Bo-Kaap’s heritage protection gazetted

Cape Town - 181124 The Bo-Kaap civic association is planning legal action against Blok property developer for allegedly traumatising residents protesting against the company. Photographer Ayanda Ndamane/African News Agency(ANA)

The inclusion of the Bo-Kaap area in a Heritage Protection Overlay Zone (HPOZ) was published in the Western Cape Provincial Gazette on Friday April 12.

All land units and public streets in the Bo-Kaap are now included in the HPOZ and as such have heritage protection.

“From now on, development applications for properties within the Bo-Kaap will be assessed more critically with an additional focus on the impact that the development proposal will have on the heritage value of the building and site and on the area,” said the City’s mayoral committee member for spatial planning and environment, Marian Nieuwoudt.

The HPOZ also allows the City to impose conditions to the approval so that the heritage value of the building or site is protected or enhanced. The City may also ask the applicant to amend the plans.

Apart from being the earliest established Muslim community in South Africa, Bo-Kaap is also Cape Town’s oldest surviving residential neighbourhood with well-presented and coherent streetscapes. The City approved the inclusion of the Bo-Kaap area in a heritage protection overlay zone on March 28.

The HPOZ for the Bo-Kaap extends to the Table Mountain National Park and includes the northern green verges to the northwest of Strand Street, and includes Buitengracht between the intersections with Carisbrook and Strand Street. It has an impact on all of those who own property in the Bo-Kaap, in particular as it relates to new developments, restorations and the maintenance and alteration of properties.
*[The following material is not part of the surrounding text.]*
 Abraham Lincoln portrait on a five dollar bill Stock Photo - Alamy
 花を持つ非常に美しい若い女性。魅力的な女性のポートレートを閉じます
Some of the HPOZ objectives include:

To conserve the Bo-Kaap heritage by encouraging owners to retain and rehabilitate the existing residential buildings

To protect the streetscapes

To ensure that new developments and alterations to existing buildings complement the historic urban landscape and that the area’s heritage is not negatively impacted on

To promote and protect public open spaces and pedestrian movement along the roads and lanes; and

To promote the cultural traditions and living heritage of the Bo-Kaap where people live outwardly on the stoeps and sidewalks

The HPOZ does not affect ownership or the rental of property, neither does it prevent new development. It does, however, set additional development rules over and above the provisions of the base zoning for land units in the Bo-Kaap.

Importantly,applications that have been accepted by the City before April 12 will be processed and considered in terms of the legislation at the time of acceptance.